**PROBLEM**
Once you reach the line that holds "1349895183-U392180.png" in the listing below, output it and every line after it through the line that holds "55 Renfield Street, Toronto, ON, M6M", word for word.

**EXTRACTED INFORMATION**
——————

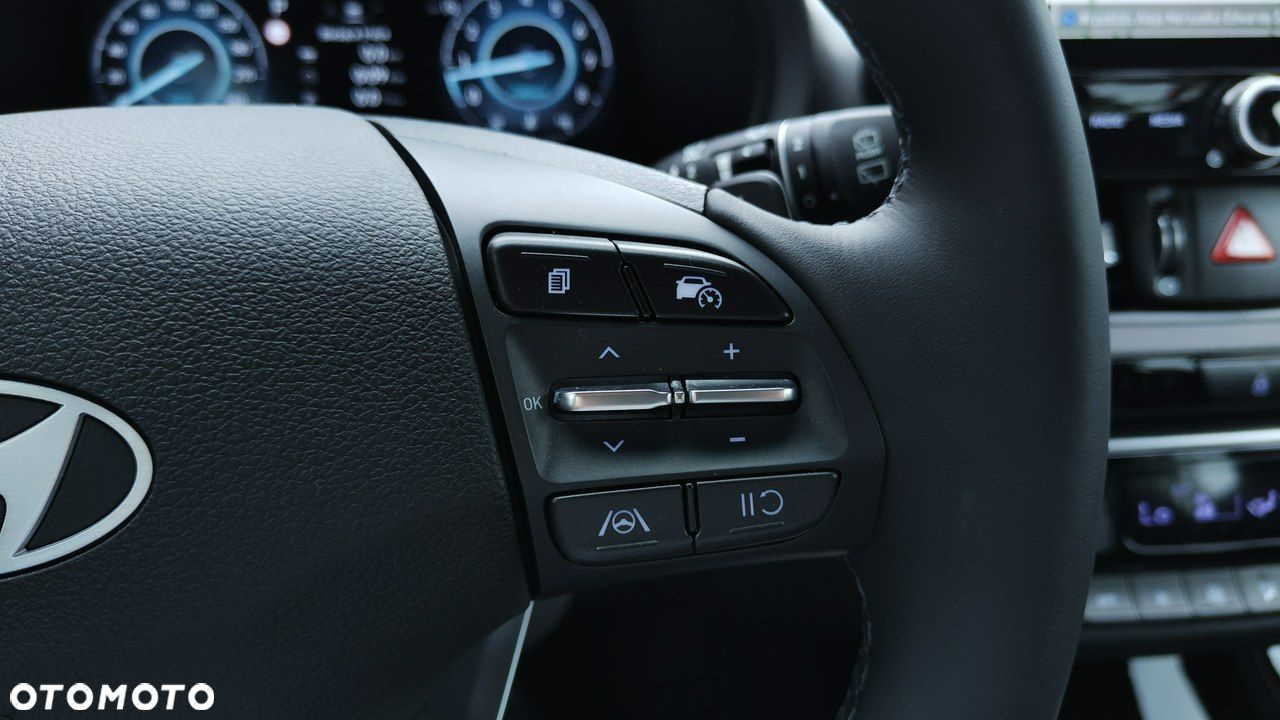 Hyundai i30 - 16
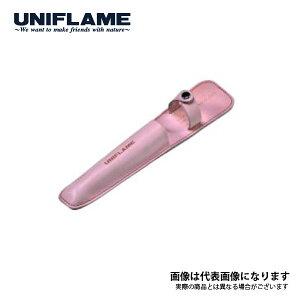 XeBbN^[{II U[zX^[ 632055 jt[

——————

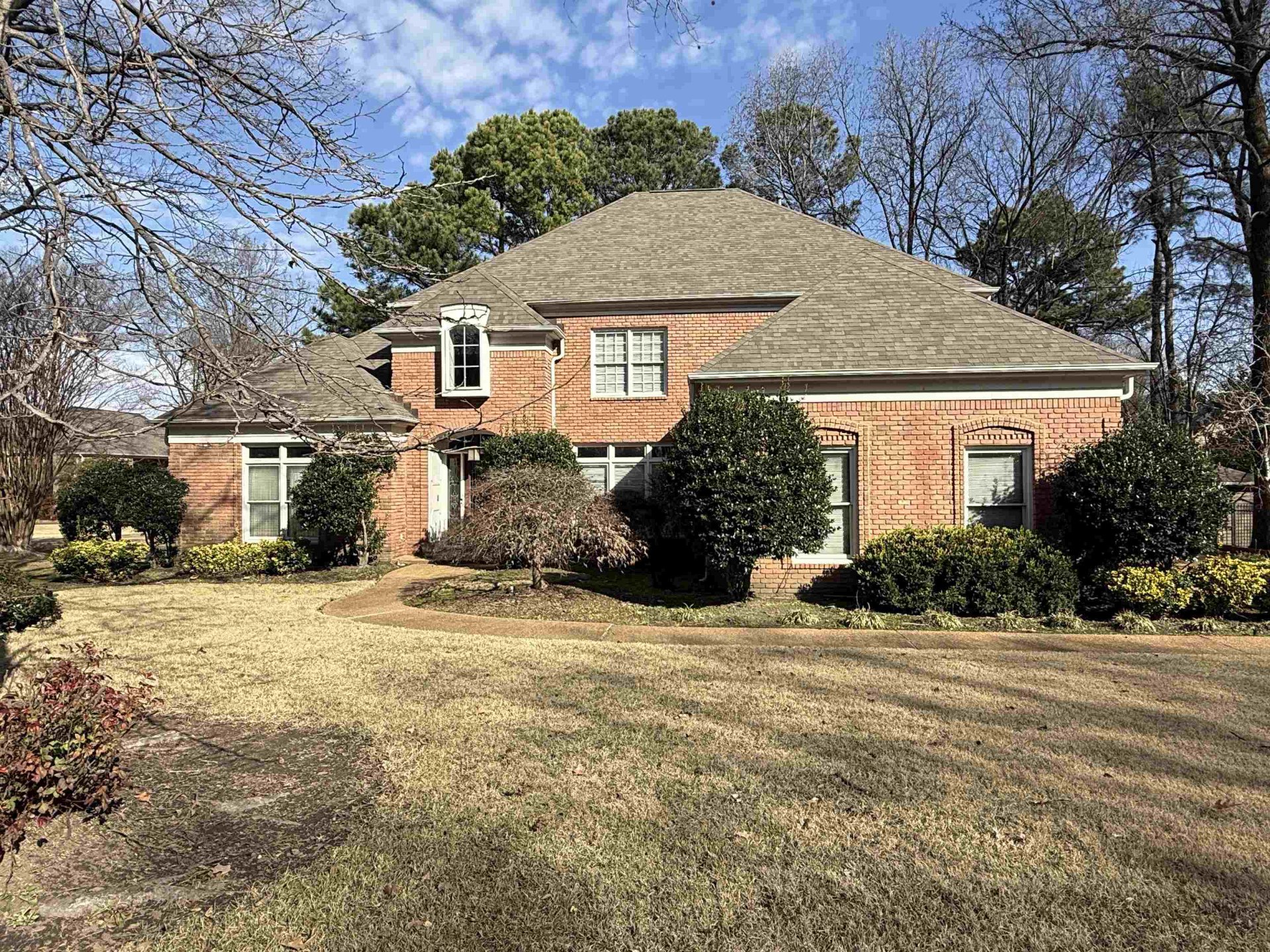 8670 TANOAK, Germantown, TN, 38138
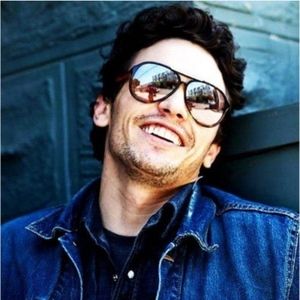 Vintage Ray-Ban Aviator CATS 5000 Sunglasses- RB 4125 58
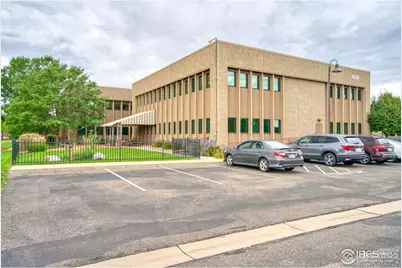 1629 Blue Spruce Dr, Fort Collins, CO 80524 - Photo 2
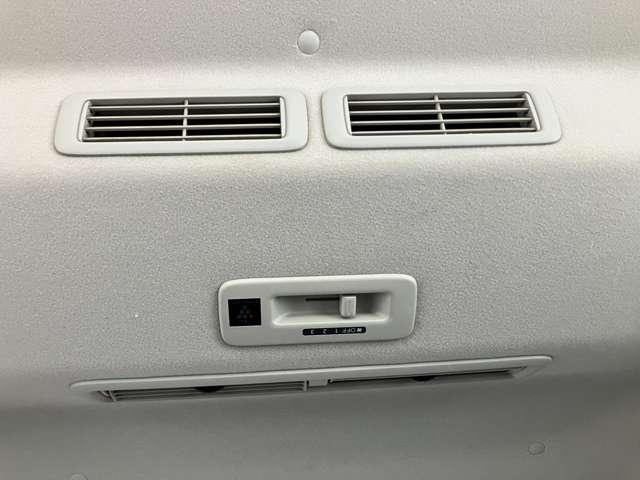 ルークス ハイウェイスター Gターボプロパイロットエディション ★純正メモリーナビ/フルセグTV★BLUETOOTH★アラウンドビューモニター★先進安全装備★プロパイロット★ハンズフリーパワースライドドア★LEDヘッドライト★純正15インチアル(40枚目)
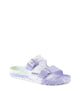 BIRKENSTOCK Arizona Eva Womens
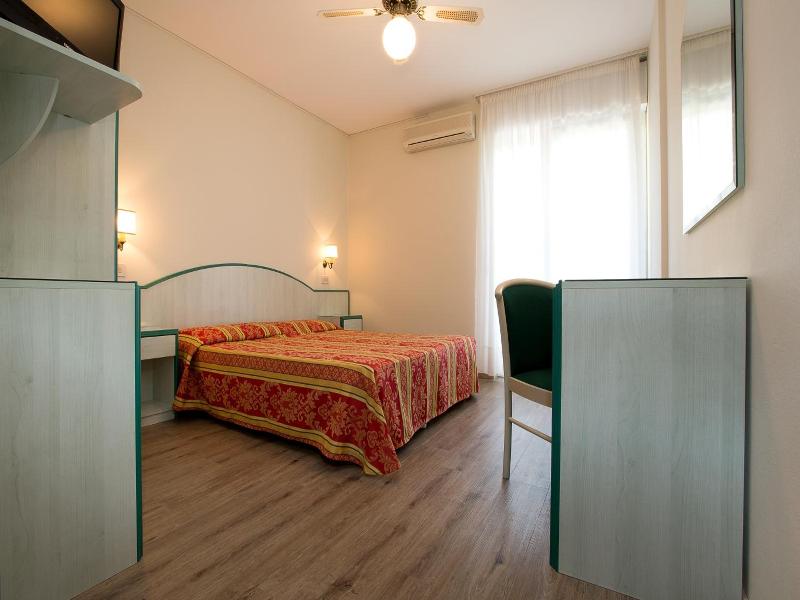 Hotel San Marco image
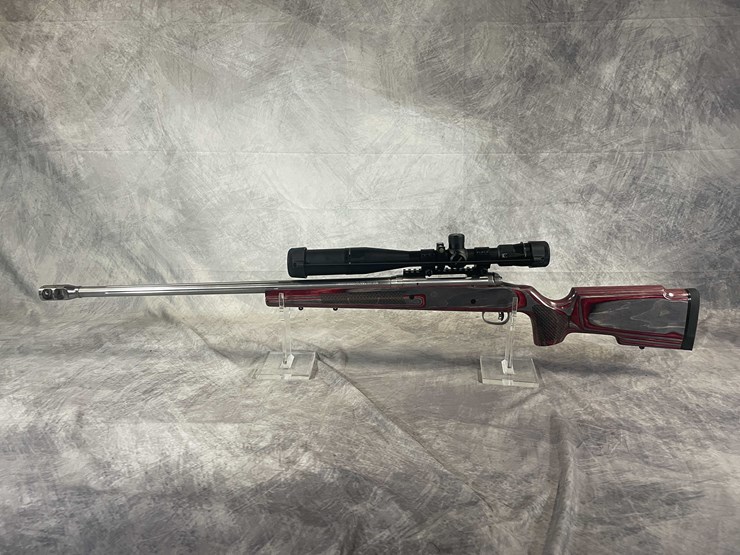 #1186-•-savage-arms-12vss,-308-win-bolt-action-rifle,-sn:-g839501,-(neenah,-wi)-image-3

——————

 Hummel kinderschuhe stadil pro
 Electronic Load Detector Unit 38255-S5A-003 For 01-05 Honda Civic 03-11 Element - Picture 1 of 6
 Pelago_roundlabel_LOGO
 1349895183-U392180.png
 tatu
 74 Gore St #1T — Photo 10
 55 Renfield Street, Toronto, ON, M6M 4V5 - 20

——————

**OUTPUT OF THE TASK**
 1349895183-U392180.png
 tatu
 74 Gore St #1T — Photo 10
 55 Renfield Street, Toronto, ON, M6M 4V5 - 20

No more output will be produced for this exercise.